## ASSIGNMENT
Tally up the lines below containing the string "Kids", then write the number alone.

## PROVIDED DATA
————

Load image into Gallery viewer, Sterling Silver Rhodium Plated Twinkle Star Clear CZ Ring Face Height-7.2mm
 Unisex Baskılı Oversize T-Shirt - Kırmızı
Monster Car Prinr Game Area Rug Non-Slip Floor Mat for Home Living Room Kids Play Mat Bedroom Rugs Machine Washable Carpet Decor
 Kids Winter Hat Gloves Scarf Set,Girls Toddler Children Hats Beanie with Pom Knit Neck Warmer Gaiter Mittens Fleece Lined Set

————

## EXERCISE RESULT
2